# It's getting slower



## mr.fish (Oct 22, 2007)

It's def. getting slower. Either I threw to much corn in the water or the carp are getting slower already. I figured with the 80 degree temps, and the water still holding at 65, it would be a little better. I guess I'm just spoiled from the 7 to 10 fish nights I had in august and septemeber. All in all, 3 fish were caught. Only 1 by me, weighing in at a very satisfiying 15lbs.


----------



## jkbirocz (Oct 24, 2007)

Id take a 15lber anyday, one is fine with me too. What are carp doing this time of year anyway? Lately on the conestoga they have been jumping like crazy and I have seen a few smaller ones beaching themselves and swimming weird, but they look to be healthy otherwise. I was thinking about giving them a try since all the other fish have either shut down or moved on. Is it worth trying for them into the winter or do they shut down?


----------



## mr.fish (Oct 24, 2007)

The carp fishing doesn't shut down this time of year, it just gets slower. I caught carp last year just about up until freeze over. Then its just to cold to wait for a bite. And I will admit, be prepared for several skunkings. I think I figured out how to avoid that. I will usually target carp when a warm spell moves in after a severe cold spell. I'll check the USGS site, and if I see the water temp spike 5 to 10 degrees, then thats the window to get em. Through most of the winter the river is high, and muddy, so I'll concentrate more on feeder creeks, where the water current will slow. They tend to stack up in the slow water at the mouth of feeder creeks all along the river. 

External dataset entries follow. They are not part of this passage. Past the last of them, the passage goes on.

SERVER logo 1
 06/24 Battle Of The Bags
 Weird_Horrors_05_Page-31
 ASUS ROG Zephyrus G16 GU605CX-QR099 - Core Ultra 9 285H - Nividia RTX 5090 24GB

Here's a pic of 1 of the 2 carp I caught Christmas morning of last year


----------



## shamoo (Oct 24, 2007)

Nice Carp there Mr. fish, A couple weeks ago i was fishen in bridgeton and caught a 12.6 oz. carp on a 4" Senko.


----------



## Jim (Oct 25, 2007)

Fishin NJ said:


> Carp are the best,, hell of a fight esp in the rivers. Shamoo glad to see ya around man.



Hi Fishin NJ,
Welcome to the forum! Thanks for joining!


----------